Сексуальность может действовать как сопряженный смысл, дополняющий «десексуализованное» нейтрально-буквально значение именно постольку, поскольку это нейтральное значение уже есть
. Как показал Делёз, извращение возникает как внутренняя перевернутость этих «нормальных» отношений между асексуальным буквальным смыслом и сексуальным сопряженным смыслом; в извращении сексуальность делается прямым объектом речи, но цена, которую мы за это платим, – десексуация нашего отношения к сексуальности: сексуальность становится одним из прочих десексуализованных объектов. Показательный пример подобного отношения – «научный» безразличный подход к сексуальности или подход де Сада, при котором с сексуальностью обращаются как с предметом инструментальной деятельности. Достаточно вспомнить роль Дженнифер Джейсон Ли в фильме Роберта Олтмена «Короткие истории» (1993): домохозяйки с дополнительным источником дохода в виде платного секса по телефону, которая развлекает клиентов бодрящими речами.
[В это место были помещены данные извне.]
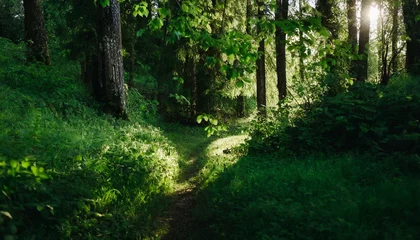 Plexiglas foto achterwand Fresh green forest in summer day © Omega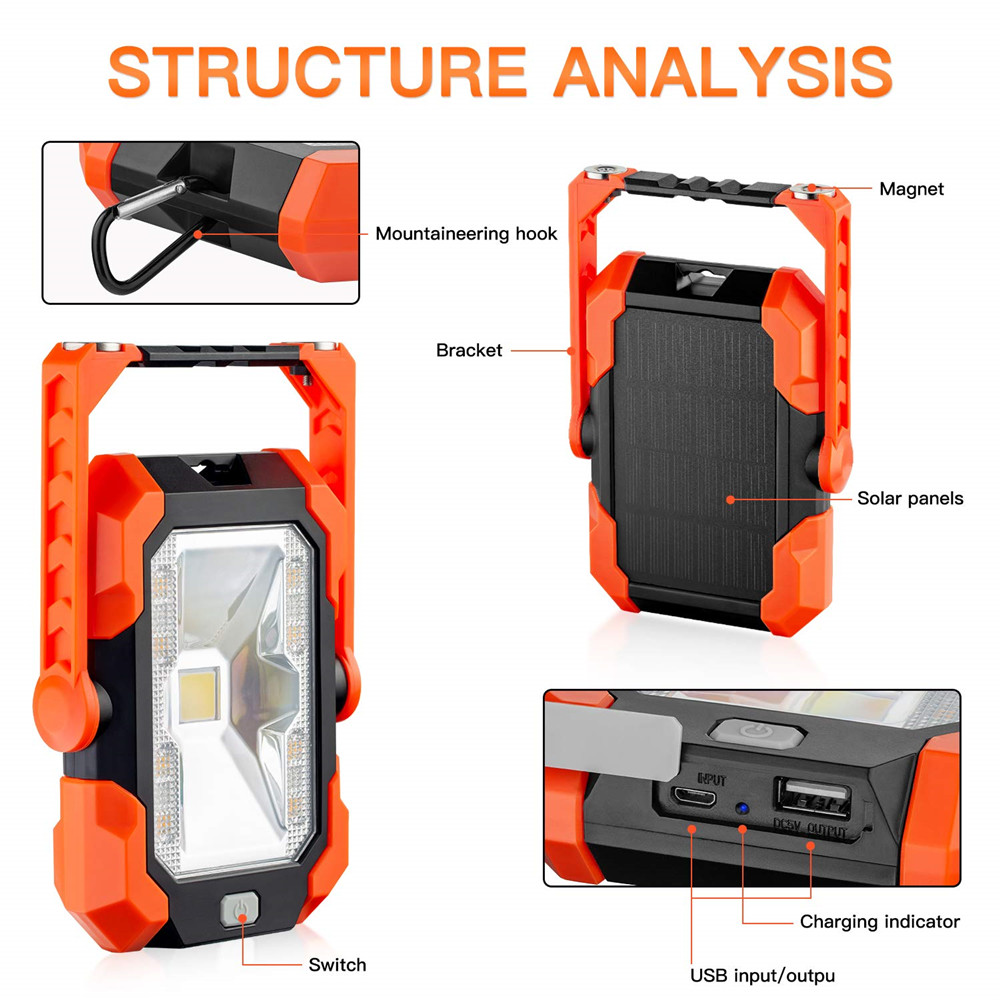 移动便携灯露营灯风扇灯夜灯-太阳能多功能工作灯QF-192-QF-1923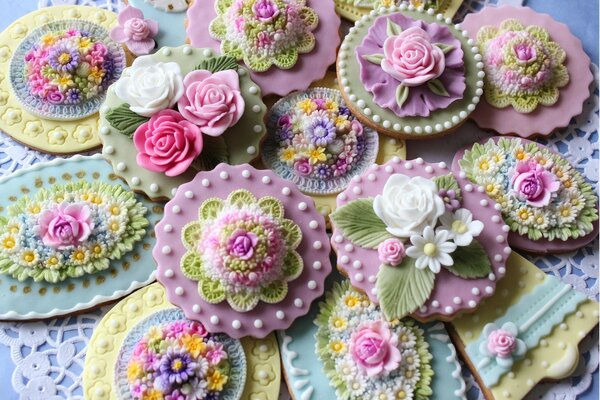 Sweet cookies in icing with flowers and beads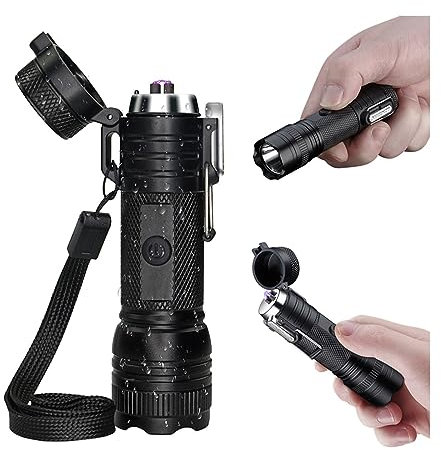 Sealed waterproof and windproof outdoor camping flashlight waterproof lighter USB plasma lighter rechargeable electric lighter bright flashlight flameless lighter windproof arc lighter outdoor camping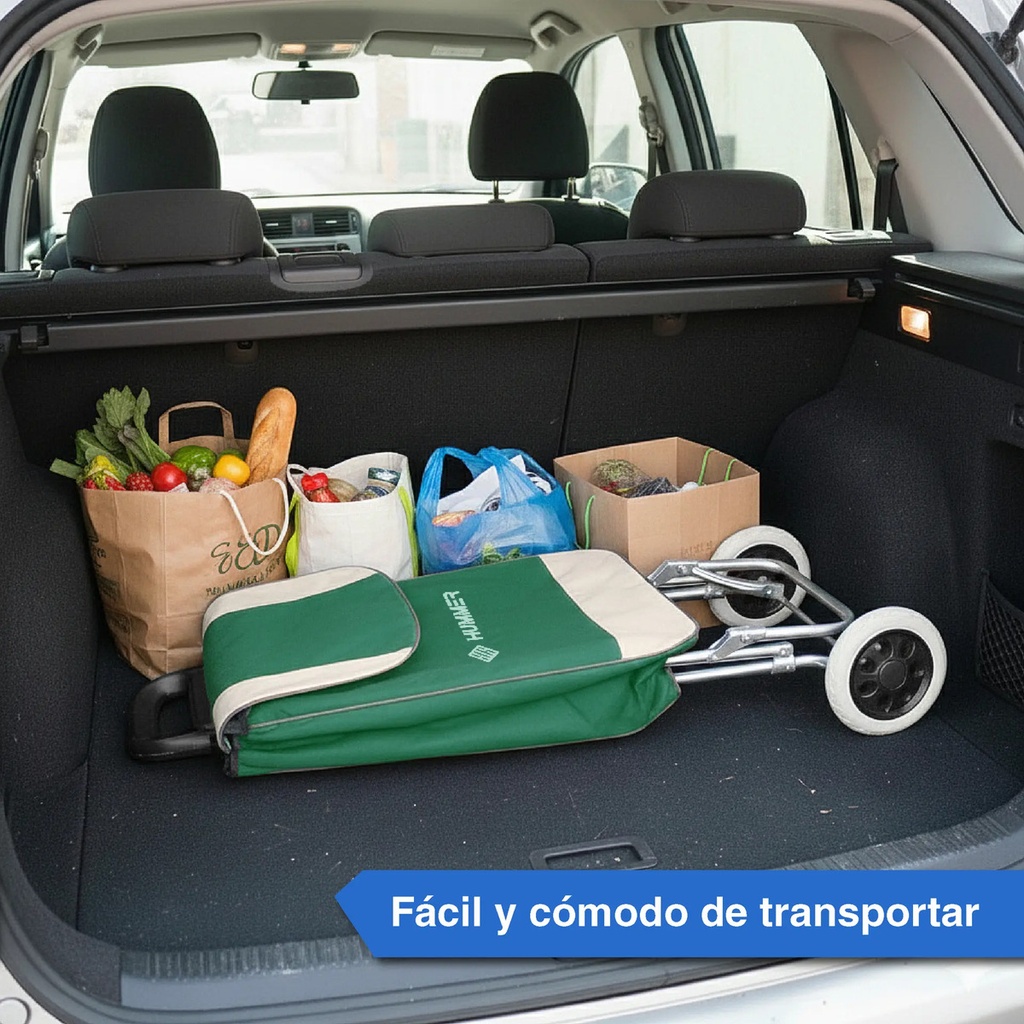Changuito De Compras Reforzado 35 L Plegable Mercado Y Hogar Verde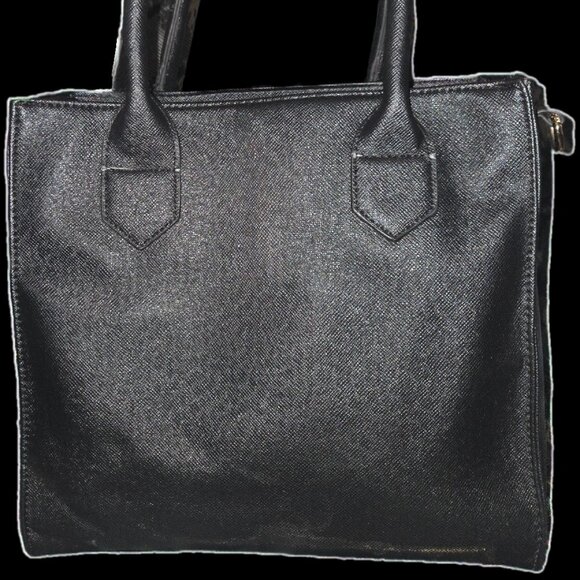 two-tone black frame tan crocodile-embossed structured satchel - Picture 4 of 6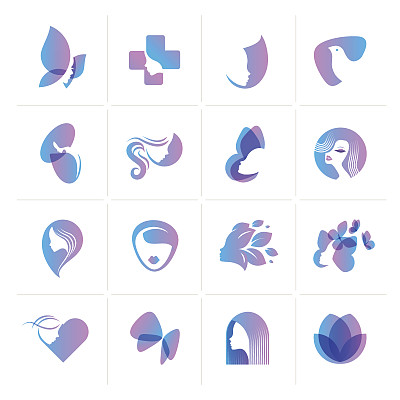 一套平面设计图标的美丽，时尚，化妆品，水疗和健康，保健和天然产品图片下载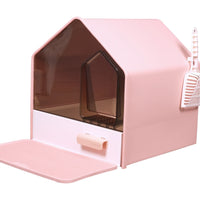 AllPetSolutions pink house shape hooded cat litter tray with scoop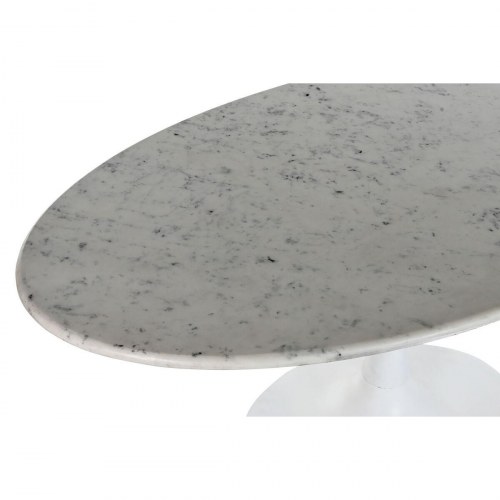 Spisebord - hvid metal og marmor, 180 × 100 cm
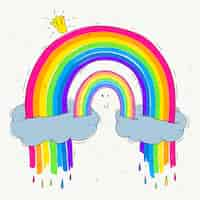 Free vector hand drawn rainbow concept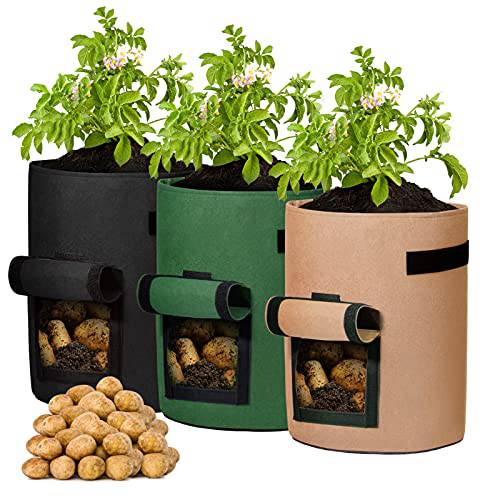 3 Pack 10 Gallon Fabric Grow Bags for Gardening - Potatoes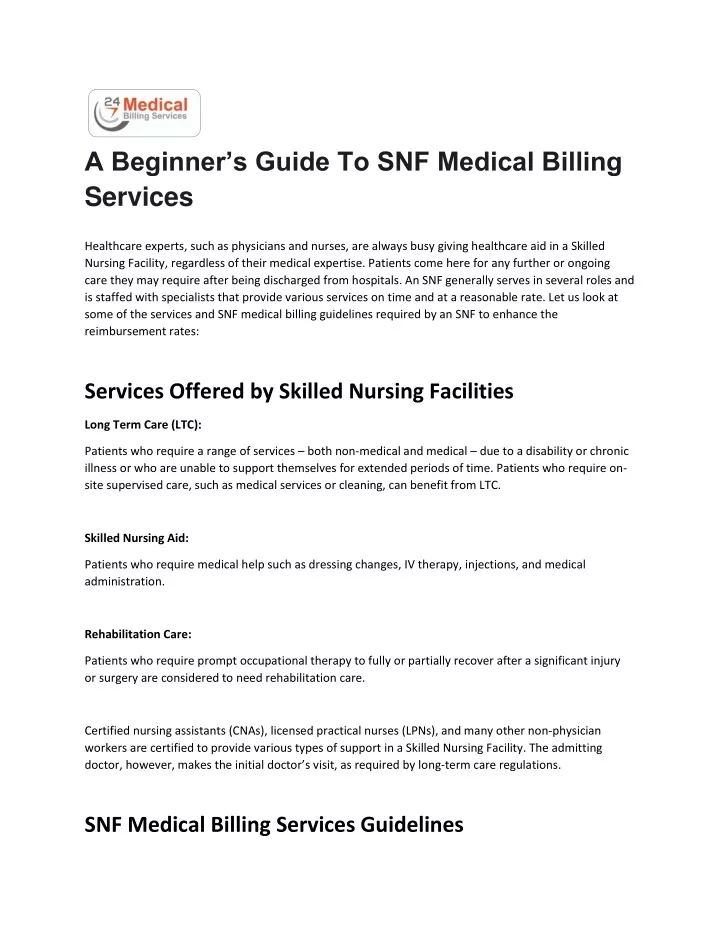 a beginner s guide to snf medical billing services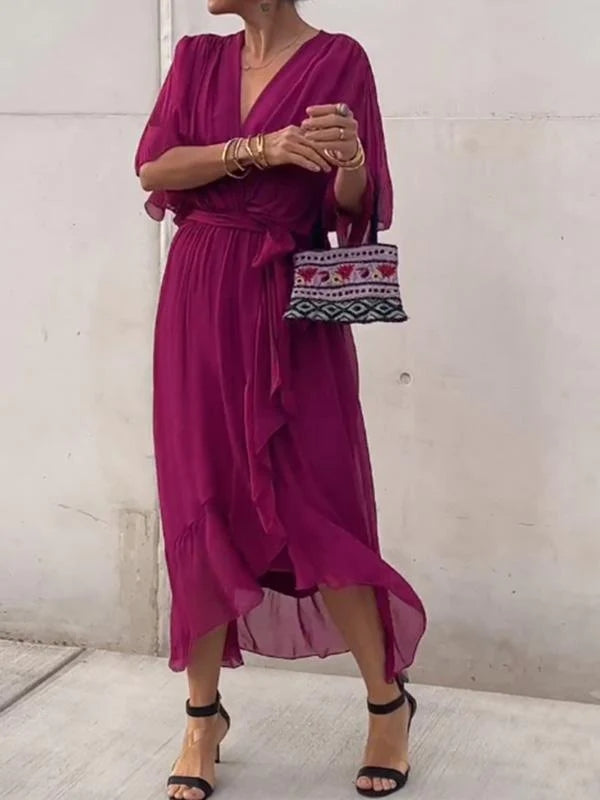 Women’s wrap V-neck midi dress in soft polyester blend with adjustable waist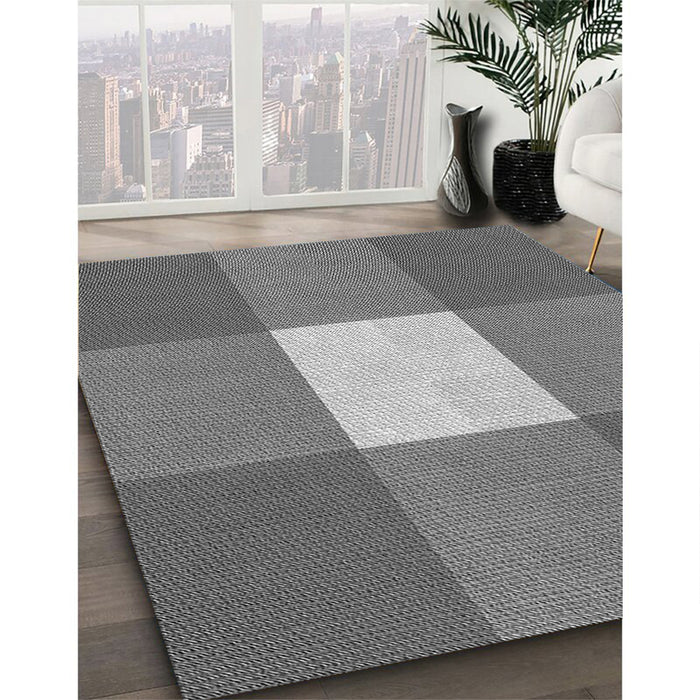 Patterned Gray Rug in Family Room, pat723gry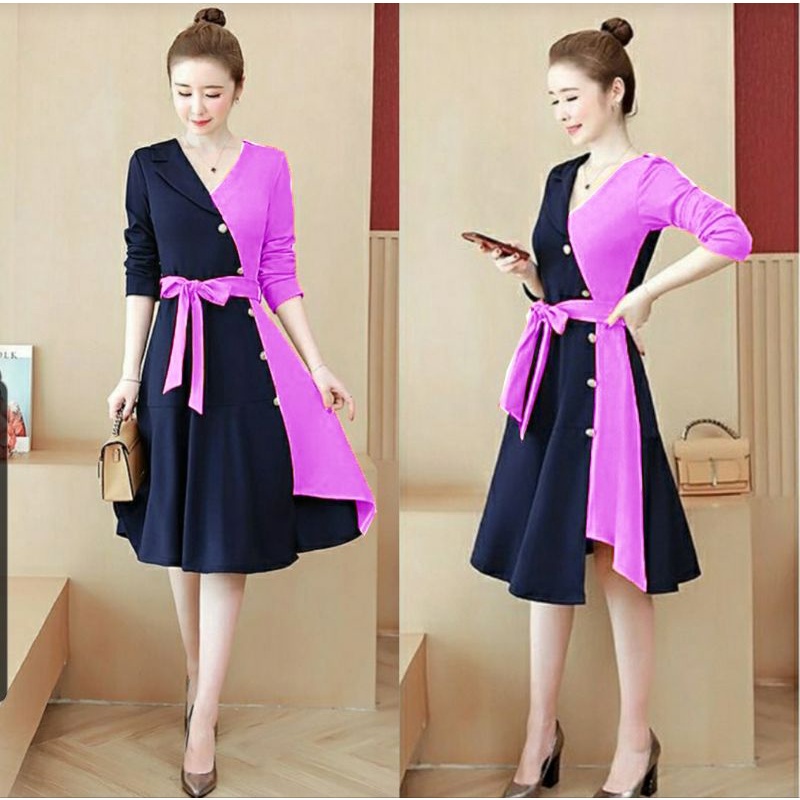 THABI DRES RAINSA Dress Wanita Motif Batik Kombinasi Moscrepe Model Kancing Variasi dan Obi Lepas DR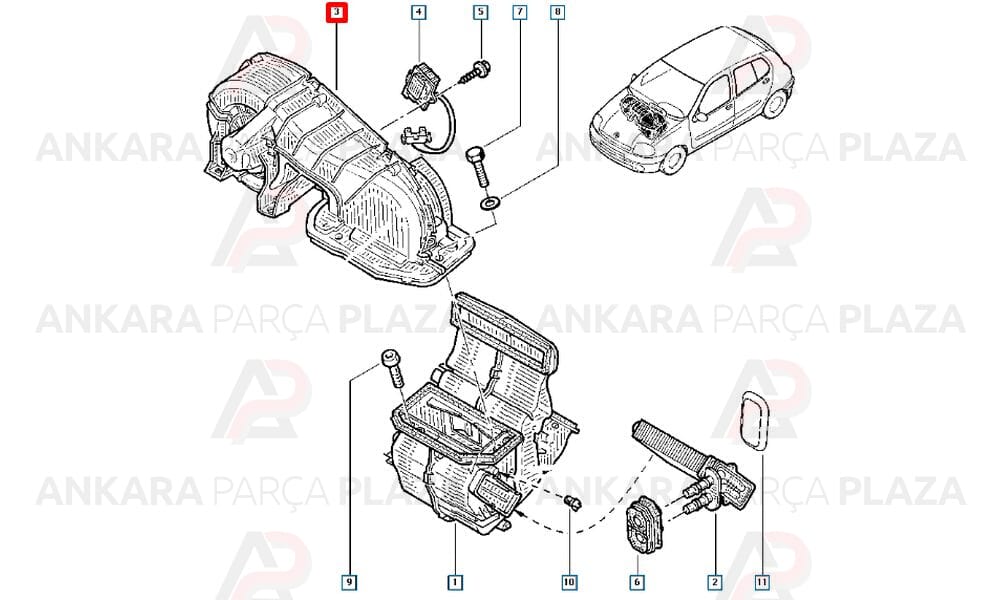 Kalorifer Motoru Klimalı Renault Clio 1998 - 2005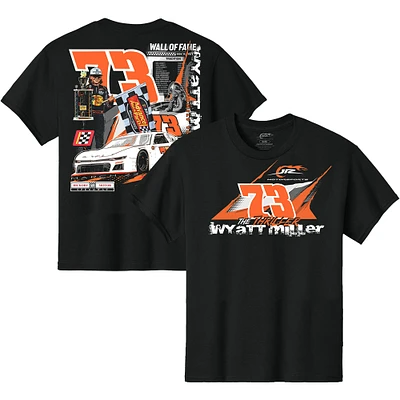 T-shirt noir officiel de l'équipe JR Motorsports pour jeunes, Wyatt Miller n° 73, vainqueur la course 2025 Hickory Motor Speedway, Thriller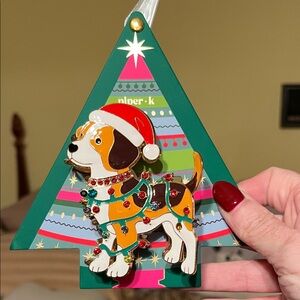 Piper Holiday Dog Hair Clip - Brown and Red Colorful and Blingy New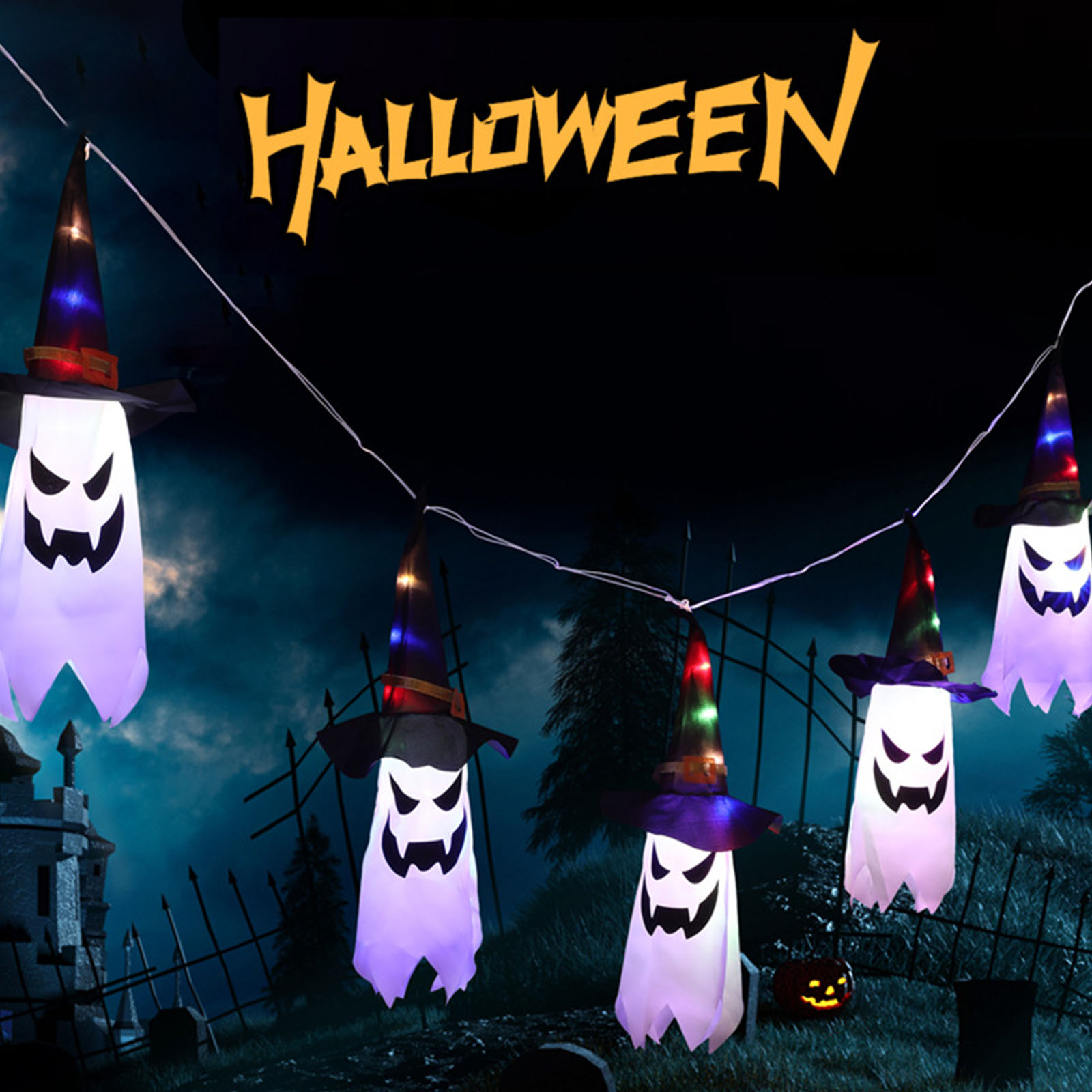 ハロウィーンの装飾用ライト。白い幽霊の飾り付き、オレンジ色の - Halloween Led String Lights Orange のレビューと価格
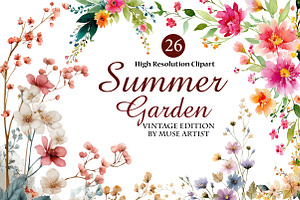 Watercolor Summer Garden Clipart, an Illustration by DreamArtGraphic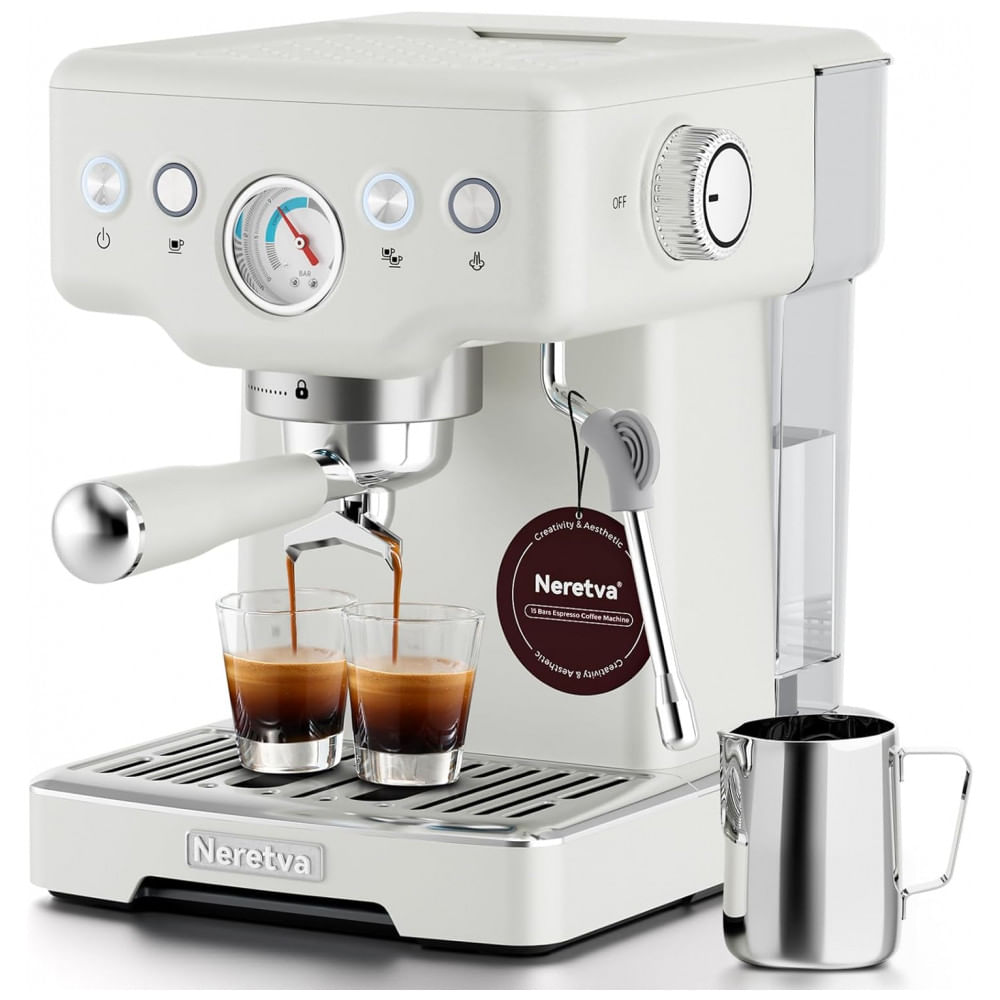 Máquina de Café Espresso 15 Bar, Vaporizador de Leite, Manômetro Visível, 1,8L, Neretva, Inox, 110V - Branca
Она до того освоилась в своей работе, что может импровизировать в трубку, как она вся промокла между ног и т. п., а сама при этом меняет ребенку подгузник или готовит обед, т. е. относится к сексуальным фантазиям совершенно отстраненно, инструментально; они ее попросту не затрагивают[240].Понятие «символической кастрации» у Лакана нацелено именно на этот vel
, этот выбор: мы либо принимаем десексуацию буквального смысла, что влечет за собой смещение сексуальности на позицию сопряженного смысла, в сопряженное измерение сексуальной коннотации-намека, либо подходим к сексуальности «прямо», делаем ее предметом буквальной речи, за что платим «десексуацией» субъективного отношения к ней. В обоих случаях мы упускаем прямоту подхода, буквальный разговор о сексуальности, которая останется «сексуализованной».